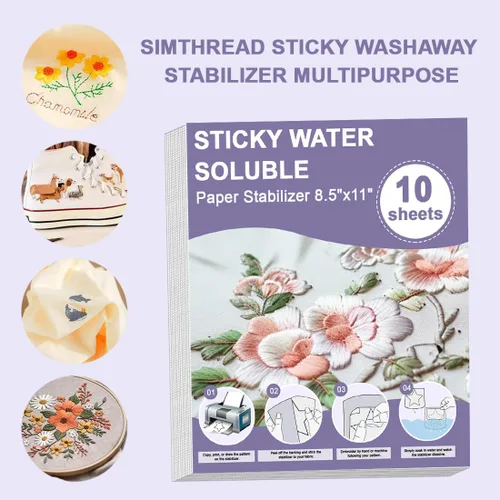 Miniatura 3 de Estabilizador de bordado soluble en agua pegajoso de 8.5 x 11 pulgadas, para imprimir papel para imprimir o dibujar patrones para bordado a mano y a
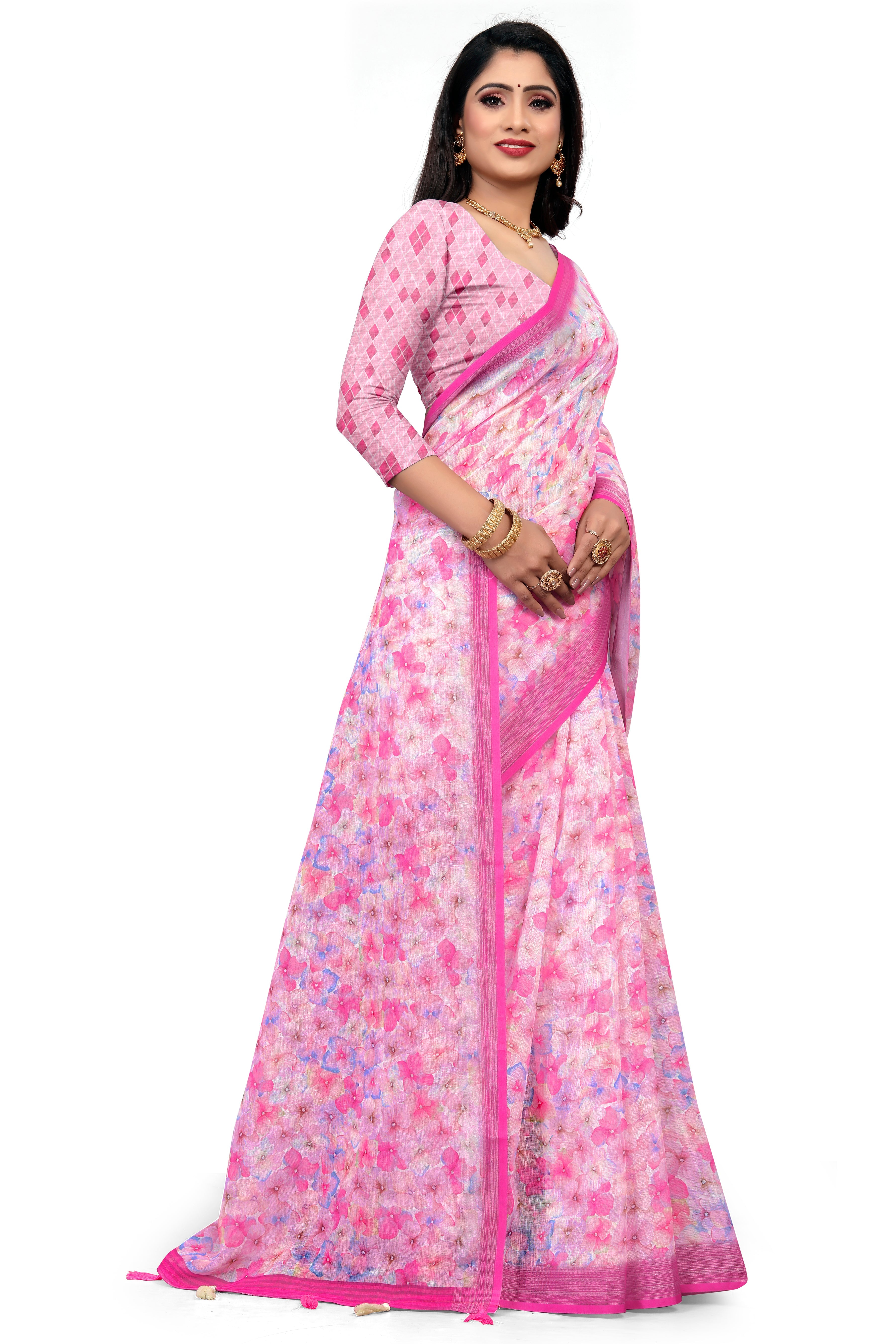 Pink Linen Saree with Wevon Jari Border & Digital Floral Print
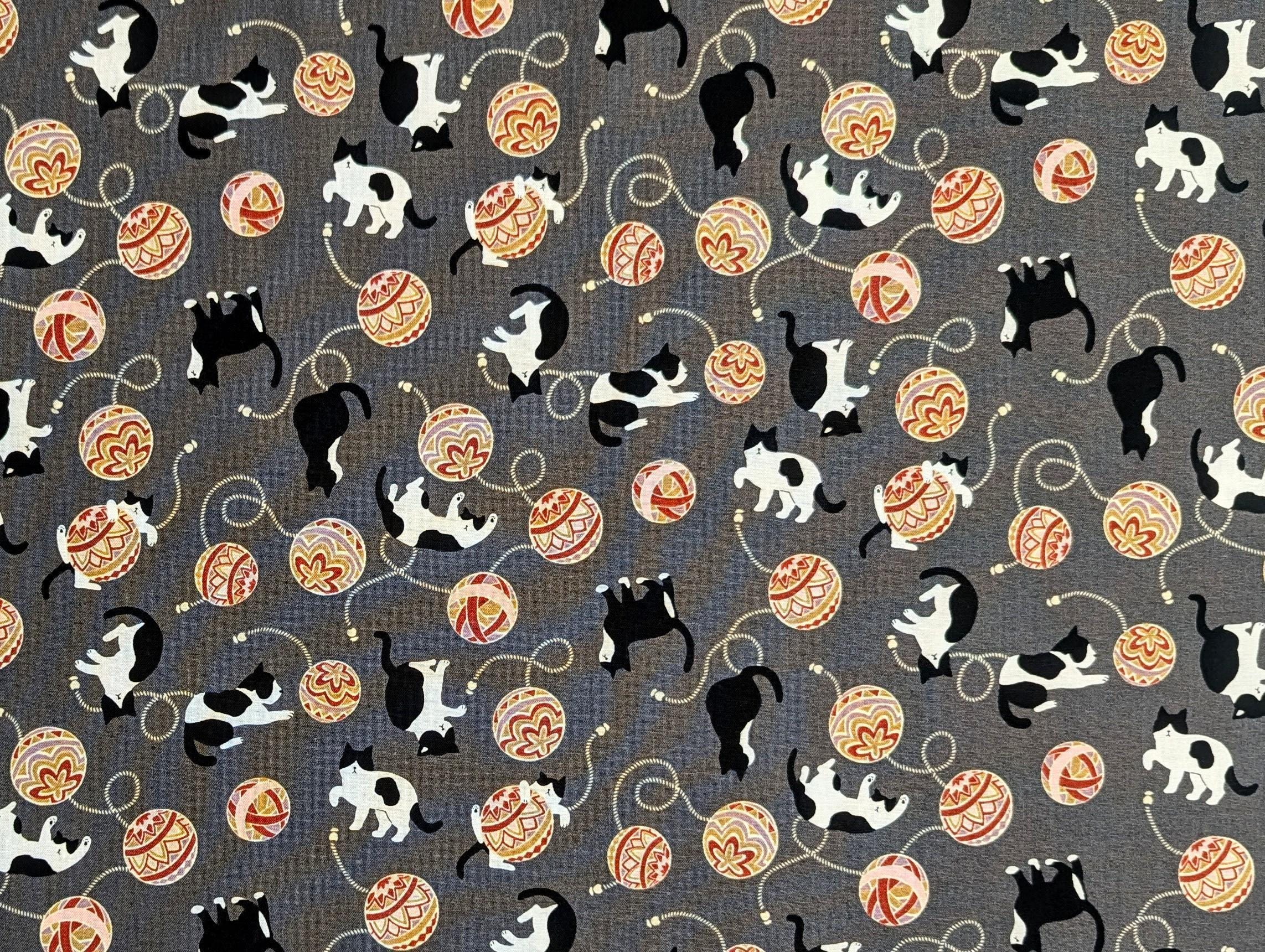 Cosmo - Temari Cats Quilt Cotton - Gray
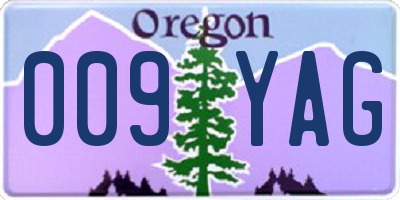 OR license plate 009YAG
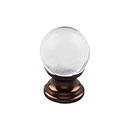Top Knobs [TK840ORB] Glass Cabinet Knob - Clarity Series - Clear - Oil Rubbed Bronze Stem - 1" Dia.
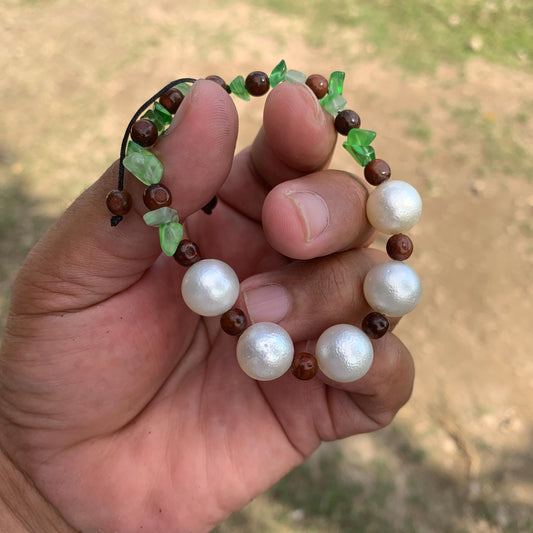 Real South Sea Pearl Bracelet Stone and Wood Accent, 12mm GR-5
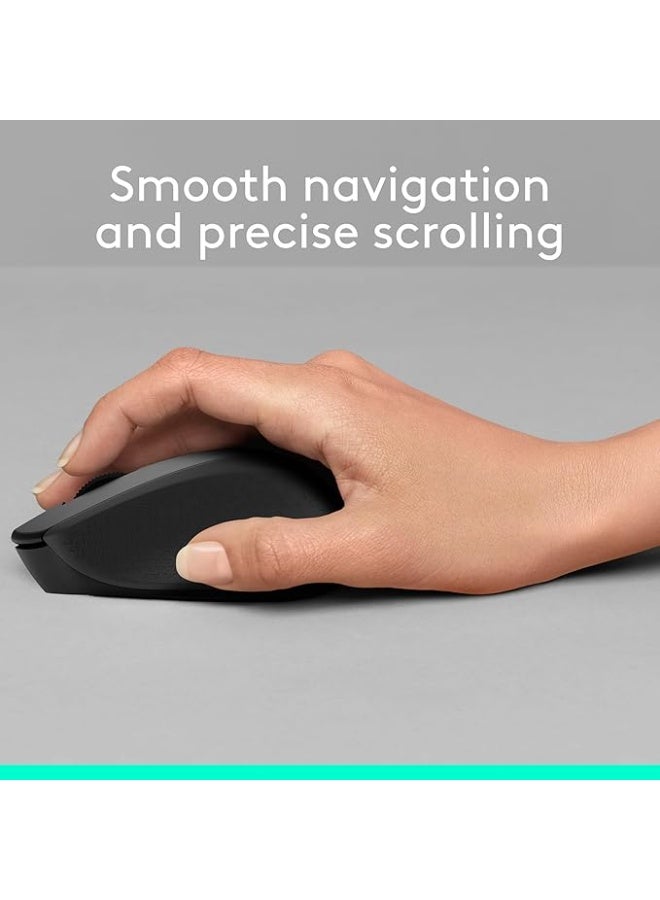Logics M330 Silent Plus Wireless Mouse, 2.4GHz USB Nano Receiver, Silent Clicks, 18-Month Battery Life, 1000 DPI Optical Sensor, Ergonomic Right-Hand Design, Plug And Play, Compatible with Windows, macOS, Linux, Chrome OS, 910-004909 Black - Image 3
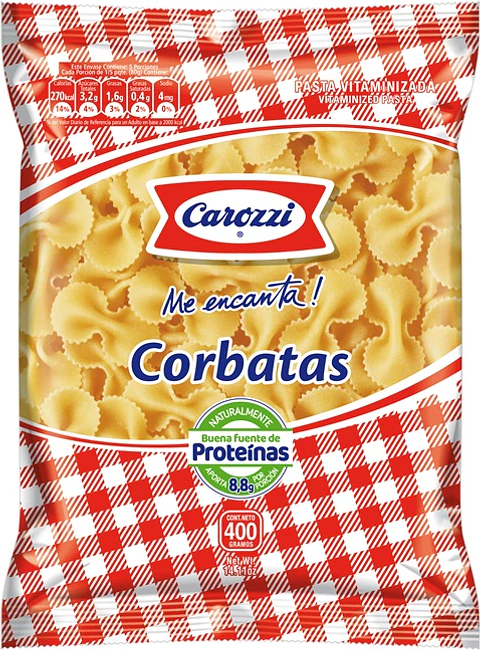 Fideos Corbatas 80 Carozzi ( 5 x 400 G )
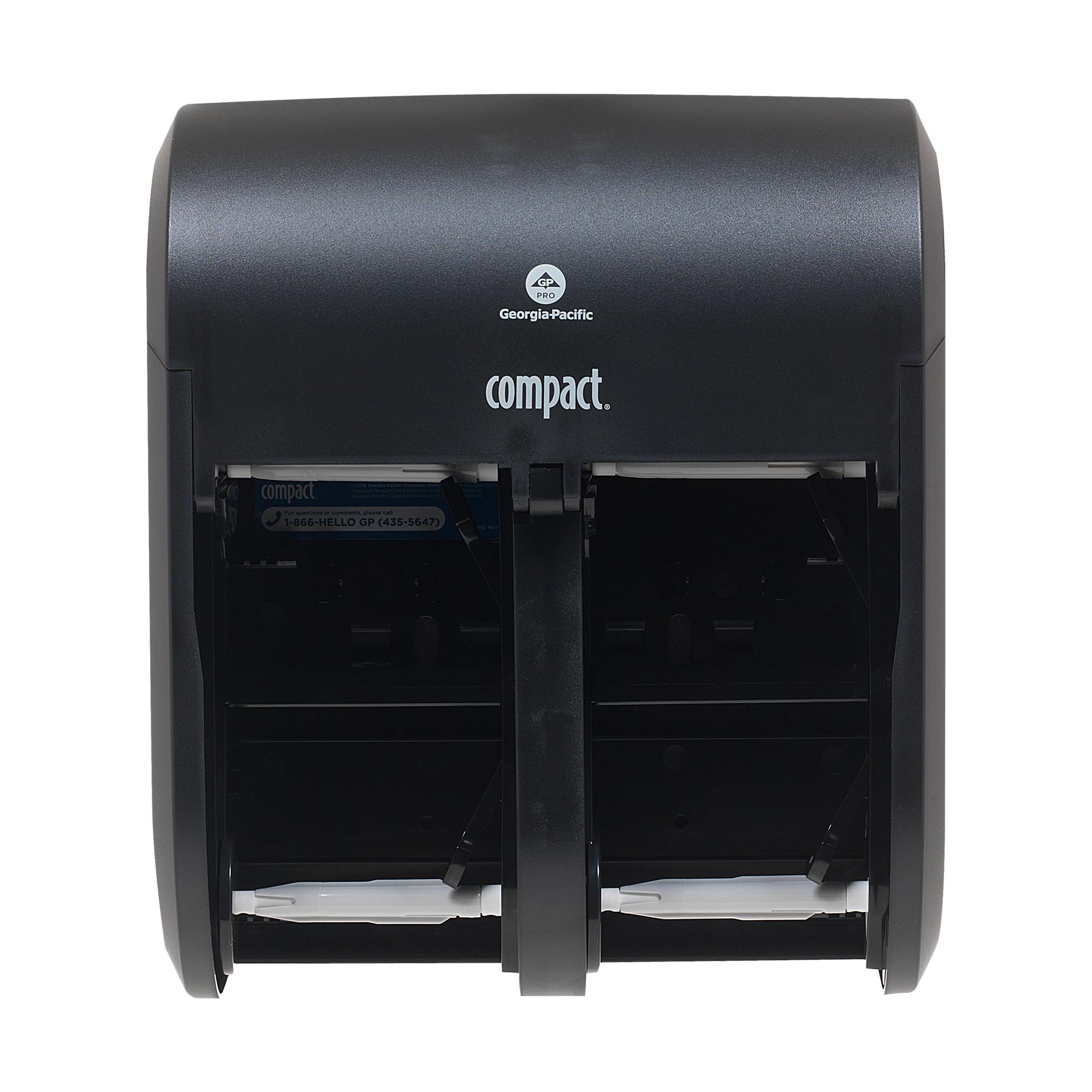 Compact® Toilet Paper Dispenser 5X5.375 IN Wall Mount Black 4-Roll Coreless High Capacity 1/Each
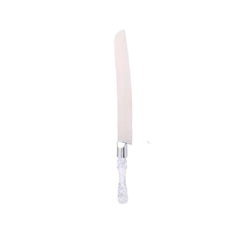 Carissa Knife with clear acrylic handle and stainless steel blade, 13 inches, angled view on white background
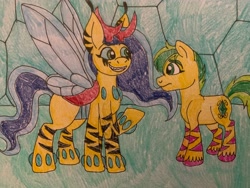 Size: 4032x3024 | Tagged: safe, artist:adeanthepurpledragon, derpibooru import, oc, oc:bee-zlebub, oc:emerald dream, changedling, changeling, earth pony, the hive, traditional art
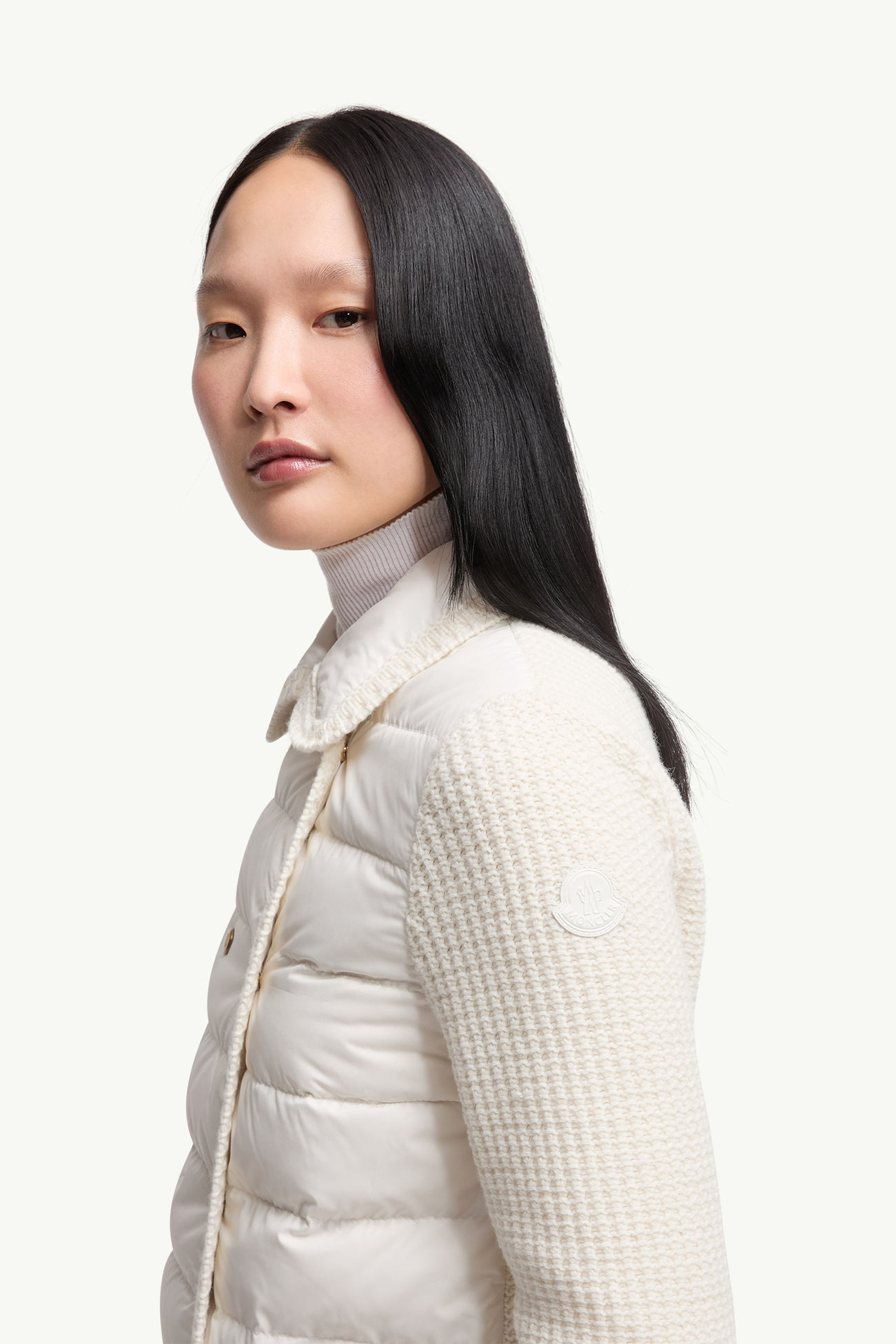 羊毛及羊絨夾層開襟毛衣 女士 白色 Moncler 1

_What you need to do:_
Everything in the records should be repeated exactly except the images.

_Task answer:_
 Miniatura 3 de Estabilizador de bordado soluble en agua pegajoso de 8.5 x 11 pulgadas, para imprimir papel para imprimir o dibujar patrones para bordado a mano y a
 Pink Linen Saree with Wevon Jari Border & Digital Floral Print
 Cosmo - Temari Cats Quilt Cotton - Gray
 OR license plate 009YAG
Top Knobs [TK840ORB] Glass Cabinet Knob - Clarity Series - Clear - Oil Rubbed Bronze Stem - 1" Dia.
 Real South Sea Pearl Bracelet Stone and Wood Accent, 12mm GR-5
Logics M330 Silent Plus Wireless Mouse, 2.4GHz USB Nano Receiver, Silent Clicks, 18-Month Battery Life, 1000 DPI Optical Sensor, Ergonomic Right-Hand Design, Plug And Play, Compatible with Windows, macOS, Linux, Chrome OS, 910-004909 Black - Image 3
 Fideos Corbatas 80 Carozzi ( 5 x 400 G )
 Compact® Toilet Paper Dispenser 5X5.375 IN Wall Mount Black 4-Roll Coreless High Capacity 1/Each
 Carissa Knife with clear acrylic handle and stainless steel blade, 13 inches, angled view on white background
 Size: 4032x3024 | Tagged: safe, artist:adeanthepurpledragon, derpibooru import, oc, oc:bee-zlebub, oc:emerald dream, changedling, changeling, earth pony, the hive, traditional art
 羊毛及羊絨夾層開襟毛衣 女士 白色 Moncler 1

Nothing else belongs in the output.